Compared with earlier work, this study aimed to provide more practice-oriented evidence by reporting a broader set of performance indices. Shim (17) used admission BBS (38.5 points) and lower-extremity Fugl-Meyer Assessment scores (29.5 points) to discriminate discharge independent ambulation (FAC ≥ 4) in subacute stroke inpatients, but reported only sensitivity and specificity, limiting comprehensive appraisal of clinical utility. In contrast, the present study compared multiple assessments spanning gait speed, endurance, balance, strength, and multidirectional mobility, and reported sensitivity, specificity, PPV, NPV, accuracy, and ROC-derived cut-off values intended for clinical interpretation. In line with the exploratory design, these cut-offs should be interpreted as screening thresholds rather than definitive criteria.

Several limitations should be acknowledged. First, the retrospective single-centre EMR-based design limits representativeness and warrants caution in generalization. Second, although assessments were standardized within 3 days of admission and approximately 4 weeks later, time since stroke onset ranged from 2 to 5 months and may not fully capture recovery-stage heterogeneity.

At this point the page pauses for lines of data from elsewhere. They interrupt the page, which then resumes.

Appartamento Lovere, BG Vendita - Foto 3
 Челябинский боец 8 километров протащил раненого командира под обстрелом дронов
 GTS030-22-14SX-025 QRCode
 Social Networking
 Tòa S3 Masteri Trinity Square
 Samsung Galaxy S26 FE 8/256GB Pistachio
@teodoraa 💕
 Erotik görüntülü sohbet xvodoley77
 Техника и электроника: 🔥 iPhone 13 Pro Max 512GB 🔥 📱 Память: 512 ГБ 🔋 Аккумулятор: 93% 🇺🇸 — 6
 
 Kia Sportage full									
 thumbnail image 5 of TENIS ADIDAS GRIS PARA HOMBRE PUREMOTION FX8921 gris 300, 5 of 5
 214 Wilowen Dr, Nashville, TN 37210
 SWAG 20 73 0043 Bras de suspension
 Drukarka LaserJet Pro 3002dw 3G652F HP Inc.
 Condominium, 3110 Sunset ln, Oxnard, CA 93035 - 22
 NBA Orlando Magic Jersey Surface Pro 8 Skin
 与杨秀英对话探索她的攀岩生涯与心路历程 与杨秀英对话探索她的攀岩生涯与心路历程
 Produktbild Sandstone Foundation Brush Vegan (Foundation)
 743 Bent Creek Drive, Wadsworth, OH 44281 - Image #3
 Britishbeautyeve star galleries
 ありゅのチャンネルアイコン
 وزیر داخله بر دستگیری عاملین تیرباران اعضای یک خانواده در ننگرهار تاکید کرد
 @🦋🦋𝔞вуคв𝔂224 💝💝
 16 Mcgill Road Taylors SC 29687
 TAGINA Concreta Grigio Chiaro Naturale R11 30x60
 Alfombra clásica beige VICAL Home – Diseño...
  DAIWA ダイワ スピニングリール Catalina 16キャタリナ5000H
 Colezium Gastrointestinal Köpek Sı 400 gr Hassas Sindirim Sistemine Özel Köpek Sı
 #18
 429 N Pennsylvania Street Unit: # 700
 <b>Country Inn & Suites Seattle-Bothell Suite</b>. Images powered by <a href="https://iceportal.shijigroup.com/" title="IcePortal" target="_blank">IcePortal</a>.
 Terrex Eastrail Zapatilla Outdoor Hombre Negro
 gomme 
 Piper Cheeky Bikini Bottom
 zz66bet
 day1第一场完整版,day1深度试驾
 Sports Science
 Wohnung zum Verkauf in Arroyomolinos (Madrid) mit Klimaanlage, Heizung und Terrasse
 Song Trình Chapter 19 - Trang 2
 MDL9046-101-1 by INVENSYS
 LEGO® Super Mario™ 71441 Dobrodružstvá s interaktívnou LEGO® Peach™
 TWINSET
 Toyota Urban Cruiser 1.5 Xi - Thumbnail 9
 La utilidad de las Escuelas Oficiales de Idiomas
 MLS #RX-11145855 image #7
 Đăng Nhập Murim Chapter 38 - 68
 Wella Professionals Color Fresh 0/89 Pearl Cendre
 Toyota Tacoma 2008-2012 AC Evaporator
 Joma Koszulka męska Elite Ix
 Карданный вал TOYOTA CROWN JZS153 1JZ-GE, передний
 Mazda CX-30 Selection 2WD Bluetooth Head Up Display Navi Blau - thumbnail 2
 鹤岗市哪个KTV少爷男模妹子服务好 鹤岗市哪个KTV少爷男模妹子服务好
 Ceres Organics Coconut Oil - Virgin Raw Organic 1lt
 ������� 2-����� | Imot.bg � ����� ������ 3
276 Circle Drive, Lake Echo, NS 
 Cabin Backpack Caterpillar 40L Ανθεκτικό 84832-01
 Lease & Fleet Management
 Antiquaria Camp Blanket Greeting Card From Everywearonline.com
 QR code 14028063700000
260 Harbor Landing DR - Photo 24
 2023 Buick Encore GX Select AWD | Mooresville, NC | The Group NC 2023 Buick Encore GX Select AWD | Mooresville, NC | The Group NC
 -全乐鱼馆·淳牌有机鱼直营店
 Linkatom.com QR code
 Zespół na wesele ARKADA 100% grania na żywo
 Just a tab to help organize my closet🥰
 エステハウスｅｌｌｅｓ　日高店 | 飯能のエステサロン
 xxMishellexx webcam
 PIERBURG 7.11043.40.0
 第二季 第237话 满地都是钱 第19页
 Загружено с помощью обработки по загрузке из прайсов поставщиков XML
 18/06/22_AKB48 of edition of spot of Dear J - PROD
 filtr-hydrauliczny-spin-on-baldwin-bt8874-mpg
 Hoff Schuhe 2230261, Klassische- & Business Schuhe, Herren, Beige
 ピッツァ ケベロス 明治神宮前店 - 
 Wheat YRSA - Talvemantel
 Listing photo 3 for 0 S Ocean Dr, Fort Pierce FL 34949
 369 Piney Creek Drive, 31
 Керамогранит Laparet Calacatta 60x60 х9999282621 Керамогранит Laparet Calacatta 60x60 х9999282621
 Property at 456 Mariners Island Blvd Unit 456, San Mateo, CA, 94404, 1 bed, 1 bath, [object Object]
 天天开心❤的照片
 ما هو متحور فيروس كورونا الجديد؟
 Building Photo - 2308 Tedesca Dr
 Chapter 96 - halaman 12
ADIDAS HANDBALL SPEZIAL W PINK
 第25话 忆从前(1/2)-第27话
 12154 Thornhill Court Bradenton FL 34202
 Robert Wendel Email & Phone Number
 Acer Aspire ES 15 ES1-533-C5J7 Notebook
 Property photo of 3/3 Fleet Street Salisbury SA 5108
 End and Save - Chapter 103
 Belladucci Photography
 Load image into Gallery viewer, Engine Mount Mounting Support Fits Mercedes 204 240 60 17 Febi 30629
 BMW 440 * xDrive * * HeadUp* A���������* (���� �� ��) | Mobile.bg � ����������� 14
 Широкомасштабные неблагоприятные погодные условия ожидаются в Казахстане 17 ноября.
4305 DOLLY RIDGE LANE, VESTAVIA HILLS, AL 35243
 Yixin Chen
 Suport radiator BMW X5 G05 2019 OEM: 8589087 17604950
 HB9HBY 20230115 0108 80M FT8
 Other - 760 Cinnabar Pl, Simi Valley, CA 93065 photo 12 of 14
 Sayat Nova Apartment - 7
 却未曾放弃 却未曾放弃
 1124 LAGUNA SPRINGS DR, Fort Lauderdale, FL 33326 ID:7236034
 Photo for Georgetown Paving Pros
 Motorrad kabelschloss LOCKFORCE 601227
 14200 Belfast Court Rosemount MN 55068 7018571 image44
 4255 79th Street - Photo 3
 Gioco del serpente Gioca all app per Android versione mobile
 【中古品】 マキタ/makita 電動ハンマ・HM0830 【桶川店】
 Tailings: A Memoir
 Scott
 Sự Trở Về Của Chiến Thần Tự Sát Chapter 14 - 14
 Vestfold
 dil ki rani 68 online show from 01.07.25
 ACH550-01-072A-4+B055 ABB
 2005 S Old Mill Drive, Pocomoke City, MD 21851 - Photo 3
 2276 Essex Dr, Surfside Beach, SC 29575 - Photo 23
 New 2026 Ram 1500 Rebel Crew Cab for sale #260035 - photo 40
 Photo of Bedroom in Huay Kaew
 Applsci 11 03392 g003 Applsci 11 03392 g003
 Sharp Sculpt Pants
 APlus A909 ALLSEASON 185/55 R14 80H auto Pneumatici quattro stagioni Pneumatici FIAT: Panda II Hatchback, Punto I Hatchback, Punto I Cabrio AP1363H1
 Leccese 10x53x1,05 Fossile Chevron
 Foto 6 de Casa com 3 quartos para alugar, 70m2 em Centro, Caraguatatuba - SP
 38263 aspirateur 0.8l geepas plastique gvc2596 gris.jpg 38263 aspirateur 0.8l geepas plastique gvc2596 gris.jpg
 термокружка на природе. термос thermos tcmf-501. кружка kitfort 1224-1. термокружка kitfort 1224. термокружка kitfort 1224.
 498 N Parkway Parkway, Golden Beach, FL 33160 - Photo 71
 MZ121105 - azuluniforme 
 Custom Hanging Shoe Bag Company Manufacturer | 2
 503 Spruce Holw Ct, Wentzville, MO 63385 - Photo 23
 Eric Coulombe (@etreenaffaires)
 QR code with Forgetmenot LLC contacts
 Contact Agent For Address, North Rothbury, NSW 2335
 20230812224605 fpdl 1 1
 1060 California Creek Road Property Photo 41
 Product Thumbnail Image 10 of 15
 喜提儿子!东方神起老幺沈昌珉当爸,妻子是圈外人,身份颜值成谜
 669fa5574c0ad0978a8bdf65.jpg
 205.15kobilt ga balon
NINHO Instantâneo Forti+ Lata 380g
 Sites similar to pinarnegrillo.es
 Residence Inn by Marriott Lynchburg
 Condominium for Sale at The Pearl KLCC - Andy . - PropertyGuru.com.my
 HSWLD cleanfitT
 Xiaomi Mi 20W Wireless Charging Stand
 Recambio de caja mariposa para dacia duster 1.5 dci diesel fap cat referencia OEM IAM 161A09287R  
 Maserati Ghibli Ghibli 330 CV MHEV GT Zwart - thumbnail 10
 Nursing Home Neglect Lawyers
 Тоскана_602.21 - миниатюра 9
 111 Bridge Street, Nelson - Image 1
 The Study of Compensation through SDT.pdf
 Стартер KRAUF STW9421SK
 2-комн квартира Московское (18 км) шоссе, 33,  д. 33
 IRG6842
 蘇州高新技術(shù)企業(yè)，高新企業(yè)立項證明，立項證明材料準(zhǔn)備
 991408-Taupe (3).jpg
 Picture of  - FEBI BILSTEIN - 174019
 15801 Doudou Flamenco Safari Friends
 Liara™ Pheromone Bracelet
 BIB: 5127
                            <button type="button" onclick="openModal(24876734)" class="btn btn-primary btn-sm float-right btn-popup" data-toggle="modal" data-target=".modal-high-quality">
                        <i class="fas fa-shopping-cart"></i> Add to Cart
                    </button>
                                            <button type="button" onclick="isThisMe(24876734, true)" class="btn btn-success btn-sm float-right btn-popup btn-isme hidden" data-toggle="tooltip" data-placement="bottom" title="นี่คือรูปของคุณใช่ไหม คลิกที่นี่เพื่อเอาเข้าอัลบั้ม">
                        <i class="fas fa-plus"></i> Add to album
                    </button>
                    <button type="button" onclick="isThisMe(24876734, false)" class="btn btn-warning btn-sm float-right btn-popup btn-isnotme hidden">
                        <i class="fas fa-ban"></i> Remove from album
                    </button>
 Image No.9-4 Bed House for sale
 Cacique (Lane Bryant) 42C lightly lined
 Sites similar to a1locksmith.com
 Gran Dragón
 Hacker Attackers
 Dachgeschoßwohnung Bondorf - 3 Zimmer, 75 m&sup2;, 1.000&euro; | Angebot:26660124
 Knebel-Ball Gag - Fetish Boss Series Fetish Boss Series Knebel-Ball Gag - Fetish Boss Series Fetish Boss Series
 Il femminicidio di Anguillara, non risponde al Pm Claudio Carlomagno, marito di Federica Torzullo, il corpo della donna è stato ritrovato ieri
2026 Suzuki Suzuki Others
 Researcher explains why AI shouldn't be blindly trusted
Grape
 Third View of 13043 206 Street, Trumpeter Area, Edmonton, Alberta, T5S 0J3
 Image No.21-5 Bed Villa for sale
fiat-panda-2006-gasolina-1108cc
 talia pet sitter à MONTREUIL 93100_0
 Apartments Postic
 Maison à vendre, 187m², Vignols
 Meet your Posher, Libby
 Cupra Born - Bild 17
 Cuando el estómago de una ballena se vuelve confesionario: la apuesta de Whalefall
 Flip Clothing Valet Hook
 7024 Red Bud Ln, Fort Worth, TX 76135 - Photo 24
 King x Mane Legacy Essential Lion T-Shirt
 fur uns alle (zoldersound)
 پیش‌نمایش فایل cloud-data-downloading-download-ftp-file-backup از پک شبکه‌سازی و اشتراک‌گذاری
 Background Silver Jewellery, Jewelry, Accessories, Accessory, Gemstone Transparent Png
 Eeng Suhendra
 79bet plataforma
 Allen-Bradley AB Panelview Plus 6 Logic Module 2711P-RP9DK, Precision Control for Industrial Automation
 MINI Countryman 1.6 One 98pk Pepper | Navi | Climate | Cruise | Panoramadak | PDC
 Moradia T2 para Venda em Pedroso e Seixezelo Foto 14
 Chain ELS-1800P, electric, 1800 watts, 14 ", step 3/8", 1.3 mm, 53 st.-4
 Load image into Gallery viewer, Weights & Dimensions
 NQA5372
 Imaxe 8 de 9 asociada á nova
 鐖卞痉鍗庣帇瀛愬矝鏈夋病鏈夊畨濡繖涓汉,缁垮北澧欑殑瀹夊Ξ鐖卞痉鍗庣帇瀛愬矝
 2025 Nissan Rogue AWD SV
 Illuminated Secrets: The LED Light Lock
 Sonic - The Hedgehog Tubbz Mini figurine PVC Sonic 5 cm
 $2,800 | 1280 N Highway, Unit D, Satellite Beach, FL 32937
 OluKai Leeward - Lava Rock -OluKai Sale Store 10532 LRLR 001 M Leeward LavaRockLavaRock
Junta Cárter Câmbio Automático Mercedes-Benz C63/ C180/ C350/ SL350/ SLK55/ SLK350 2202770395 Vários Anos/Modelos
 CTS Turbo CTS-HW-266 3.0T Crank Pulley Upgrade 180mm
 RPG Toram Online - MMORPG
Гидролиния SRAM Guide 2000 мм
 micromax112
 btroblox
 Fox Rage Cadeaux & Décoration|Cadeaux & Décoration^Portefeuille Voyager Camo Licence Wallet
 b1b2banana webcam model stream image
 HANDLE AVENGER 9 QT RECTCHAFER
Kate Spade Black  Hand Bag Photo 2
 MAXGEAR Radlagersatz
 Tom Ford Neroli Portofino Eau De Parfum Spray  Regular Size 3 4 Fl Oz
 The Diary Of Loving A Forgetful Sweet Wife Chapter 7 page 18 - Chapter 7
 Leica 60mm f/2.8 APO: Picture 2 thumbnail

Third, multicollinearity among variables and the number of candidate predictors relative to the sample size precluded stable multivariable modelling; therefore, analyses focused on exploratory univariable comparisons and ROC-based indices.

Fourth, restricting the cohort to patients with admission FAC level 3 improves clinical relevance by targeting a transitional subgroup in whom discharge-level classification is particularly challenging, but it limits extrapolation to the broader subacute stroke population. Although this criterion may appear to select patients primarily limited by balance and coordination, FAC level 3 represents a heterogeneous transitional stage of ambulation recovery in which motor function, balance, and gait capacity interact. In our cohort, functional assessments indicated limitations not only in balance but also in lower-limb motor function, walking performance, and multidirectional mobility. Patients with FAC ≤ 2 were not included because gait-related assessments cannot be performed consistently at this level of required assistance, which could increase measurement error and complicate interpretation of gait performance outcomes. In addition, cut-off values were derived and evaluated in the same dataset, introducing potential optimism bias. Although internal validation methods such as cross-validation or bootstrap testing could improve stability and generalizability, they were not performed due to the relatively small sample size. Future studies with larger cohorts should include internal validation procedures.

These findings support the clinical importance of multidimensional mobility assessment incorporating balance and multidirectional stepping ability to inform early goal setting and discharge planning. External validation in multicentre prospective studies is warranted to confirm the generalizability and clinical applicability of the proposed cut-off values and performance indices.

ACKNOWLEDGEMENTS

Ethical clearance: This study was approved by the Institutional Review Board of the National Rehabilitation Center (IRB No. NRC-2024-04-027). The requirement for written informed consent was waived owing to the retrospective study design.